Companies like to say that AI won’t replace jobs, but will allow human workers to focus on higher-value skills and tasks while giving over to the machines the rote work that humans don’t like to do anyway. But about 37% of business leaders surveyed by Resume Builder said technology replaced workers in 2023, with 44% saying more layoffs would happen this year due to advancements in AI. However, historically technological advancements — such as the increase of industrialization — haven’t proven to be the career killers that experts warn about.
Due to the potential lack of job opportunities with the growth of AI, some experts, as well as billionaires and politicians, have expressed the need for a universal basic income, or UBI, in order to supplement lower or no salaries and keep the economy afloat. The tech icons discussing the idea include Elon Musk, Mark Zuckerberg and Sam Altman.

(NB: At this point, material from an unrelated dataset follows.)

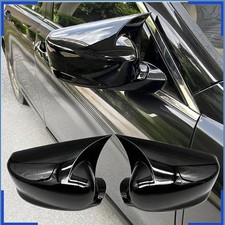 1Pair Glossy Black Rearview Mirror Cap Cover Trim For Honda Accord 9th 2014-2017 picture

Still, there is reason to be skeptical about the exact relationship between technology and jobs.
In the late 1980s words of the godfather of productivity research, Nobel Prize-winning economist Robert Solow, “You can see the computer age everywhere but in the productivity statistics.”
That was known as Solow’s productivity paradox, and the late 90s boom would challenge it. But later research would show there was in fact a murky relationship between the dotcom era and productivity gains. A co-author of that work at McKinsey told the Harvard Business Review that the embrace of Solow’s view in relation to the 90s tech boom was “oversimplified,” and so was the view that came after it, that the internet drove the productivity boom.
With these concerns, and unanswerable questions, in mind, Buffett said that human labor-intensive companies like Berkshire Hathaway need to consider a balance between how technology can help them become more efficient without endangering humans.
“I don’t know how you make sure that that’s what happens any more than I know how to be sure that when you use two atomic bombs in World War II that you knew that you hadn’t created something that could destroy the world later on,” Buffett said.